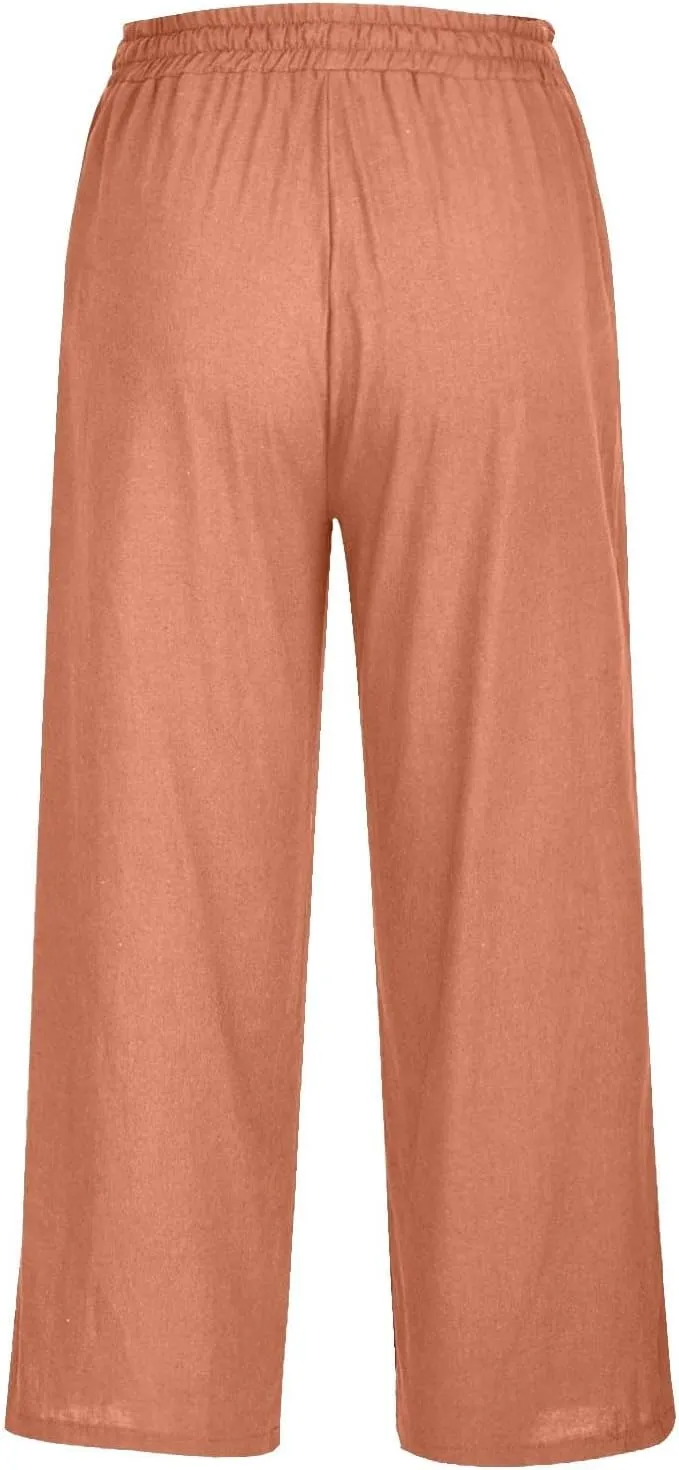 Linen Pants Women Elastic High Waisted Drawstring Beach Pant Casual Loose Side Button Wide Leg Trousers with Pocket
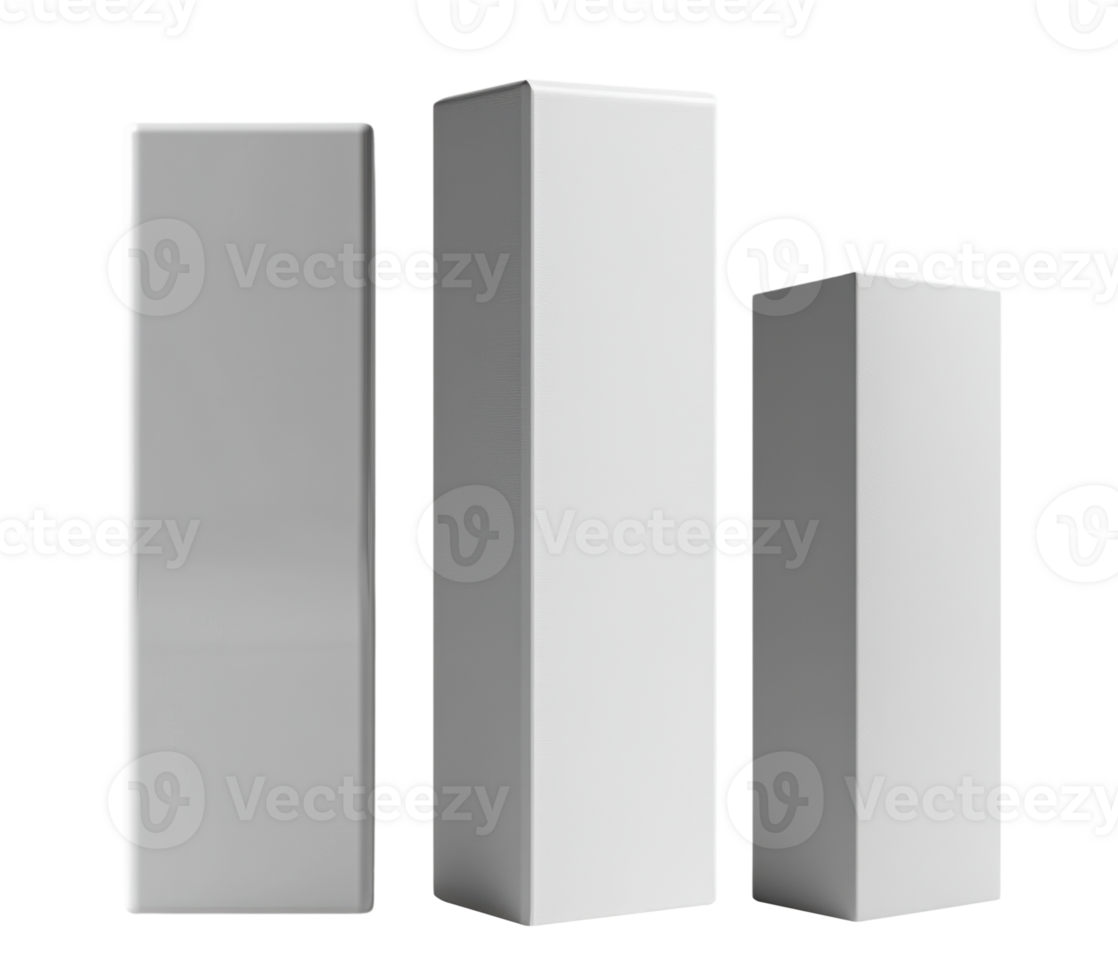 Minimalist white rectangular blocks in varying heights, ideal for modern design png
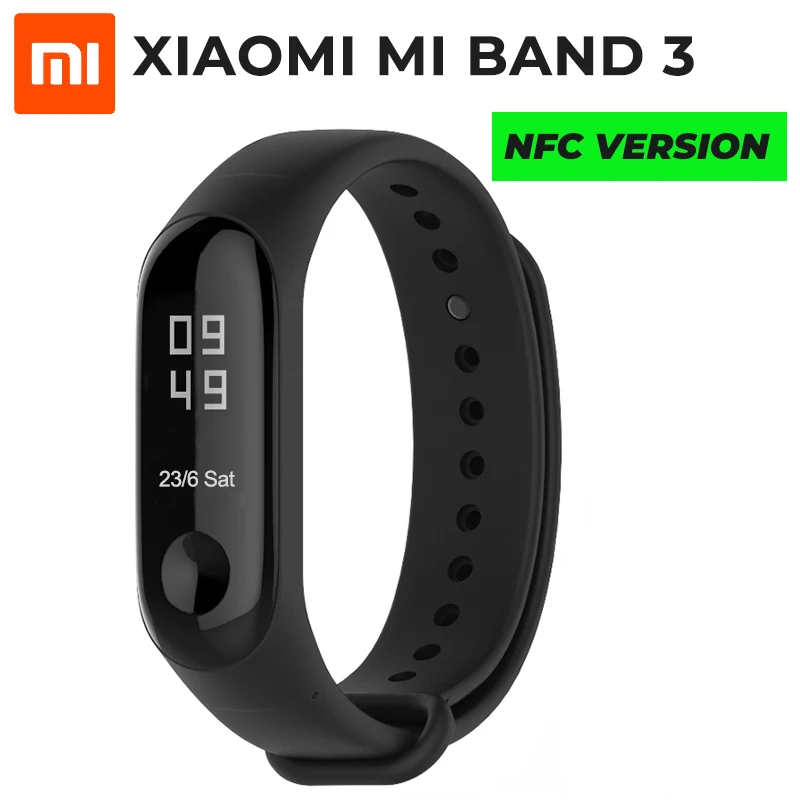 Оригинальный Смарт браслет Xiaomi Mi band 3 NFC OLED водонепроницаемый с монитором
* * * * * * *
An exact copy of every line above is needed, without the images.

TASK OUTPUT:
 Linen Pants Women Elastic High Waisted Drawstring Beach Pant Casual Loose Side Button Wide Leg Trousers with Pocket
 Minimalist white rectangular blocks in varying heights, ideal for modern design png
 Оригинальный Смарт браслет Xiaomi Mi band 3 NFC OLED водонепроницаемый с монитором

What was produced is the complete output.